===== SOURCE INFORMATION =====

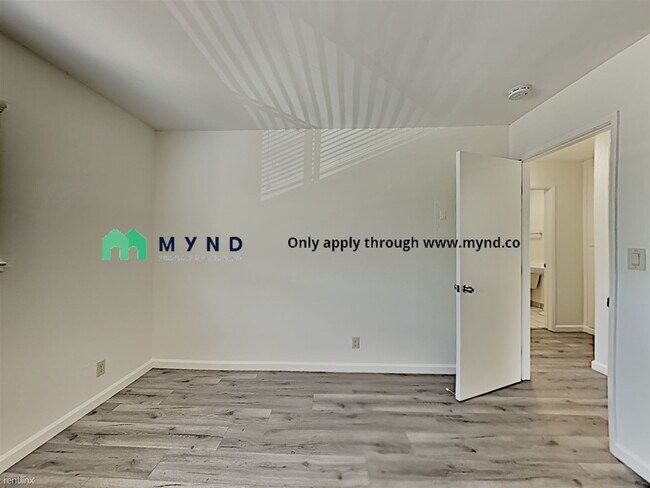 Foto del edificio - 453 E 7th St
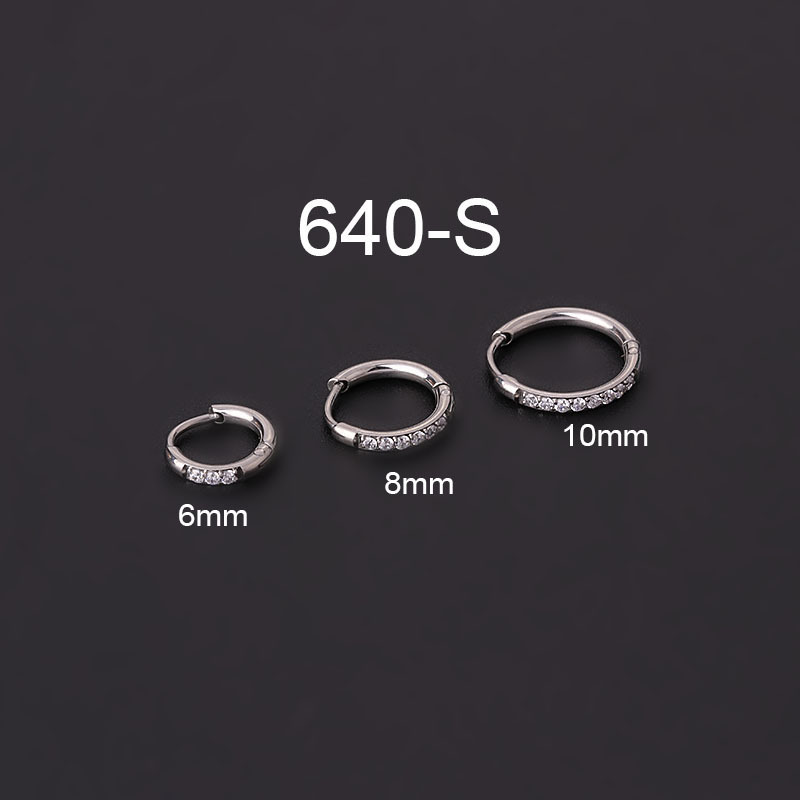 Boucles D'Oreilles Créoles Minimalistes Rondes En Acier Inoxydable Étanche Couleur Or Avec Zircon Pour Femme (1 Pièce) Image8
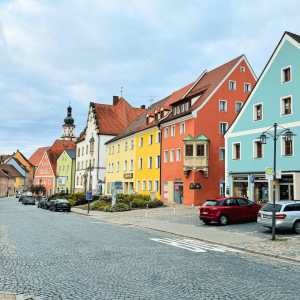 Bunte Häuser sammeln - Eine Bildergalerie mit Weltkarte
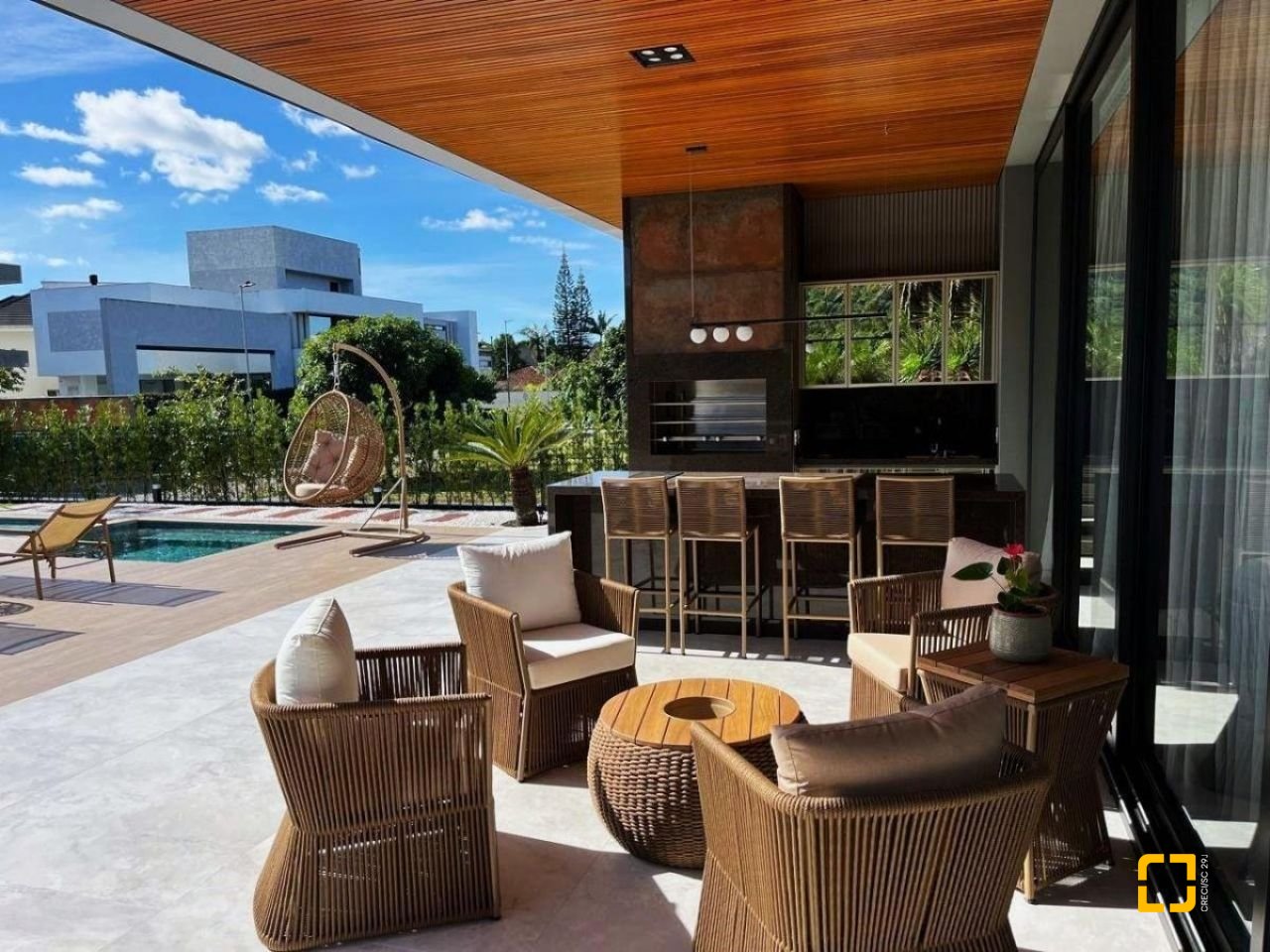 Casa de Condomínio com 600m², 4 quartos (sendo 4 suítes), 5 garagens, no bairro Jurerê Internacional em Florianópolis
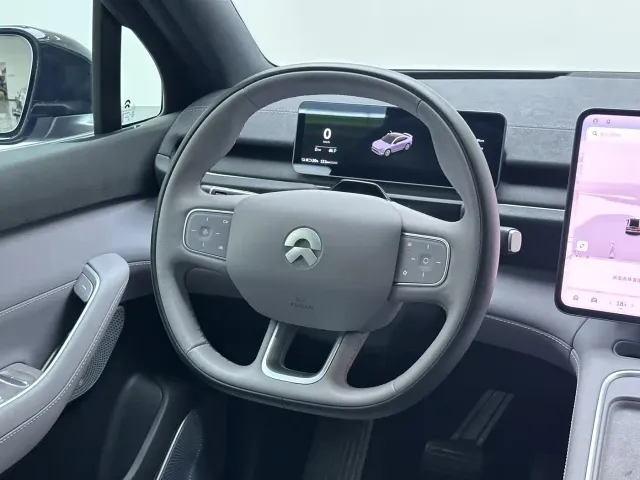 Nio EC6 — Фото автомобиля 17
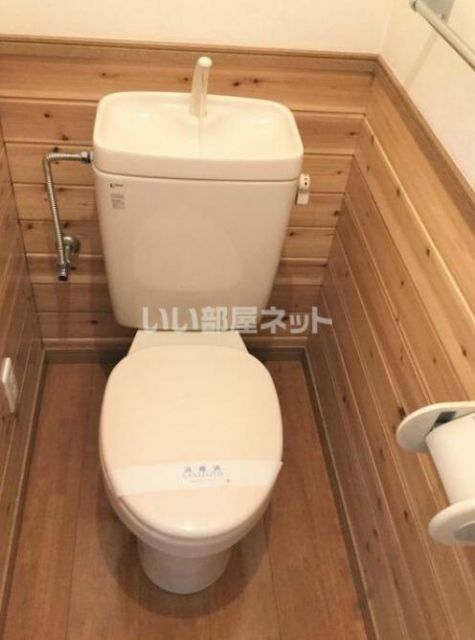 渋田貸家 中央2丁目のトイレ写真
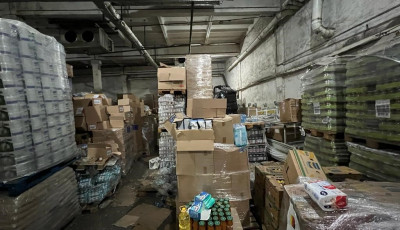 200 тонн гуманітарної допомоги, заблокованої на складах у Києві, передали військовослужбовцям ЗСУ та Нацгвардії - Нацполіція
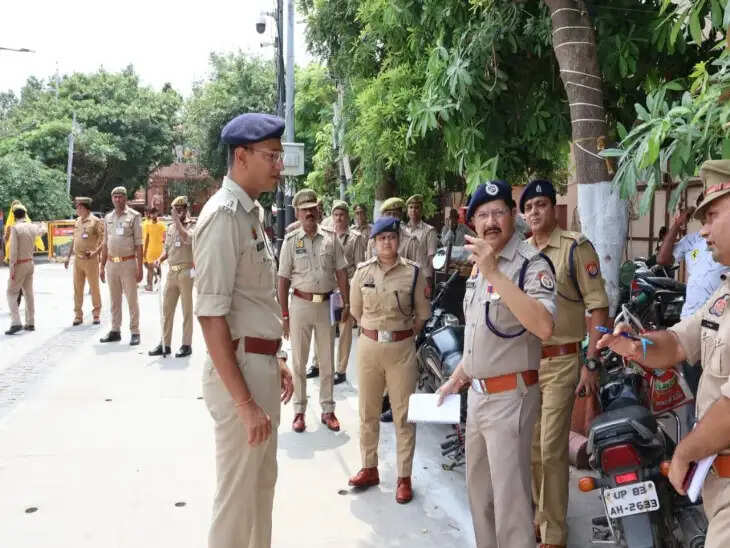 जन्माष्टमी और मुख्यमंत्री योगी की सुरक्षा में लगे 1500 पुलिसकर्मी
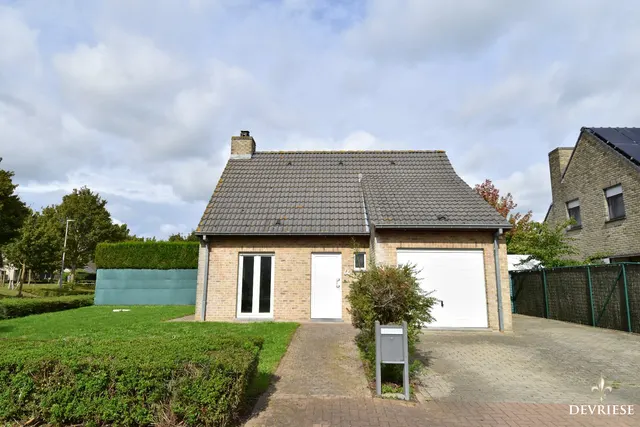 House for sale in Gullegem – 1/10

=====

HOW TO COMPLETE THIS TASK: Output exactly the lines from the one containing "Boucles D'Oreilles Créoles" through the last line of the records above, both included, leaving out any pictures.

PROBLEM SOLUTION:
 Boucles D'Oreilles Créoles Minimalistes Rondes En Acier Inoxydable Étanche Couleur Or Avec Zircon Pour Femme (1 Pièce) Image8
 Bunte Häuser sammeln - Eine Bildergalerie mit Weltkarte
 Casa de Condomínio com 600m², 4 quartos (sendo 4 suítes), 5 garagens, no bairro Jurerê Internacional em Florianópolis
 Nio EC6 — Фото автомобиля 17
 渋田貸家 中央2丁目のトイレ写真
 200 тонн гуманітарної допомоги, заблокованої на складах у Києві, передали військовослужбовцям ЗСУ та Нацгвардії - Нацполіція
 जन्माष्टमी और मुख्यमंत्री योगी की सुरक्षा में लगे 1500 पुलिसकर्मी
 House for sale in Gullegem – 1/10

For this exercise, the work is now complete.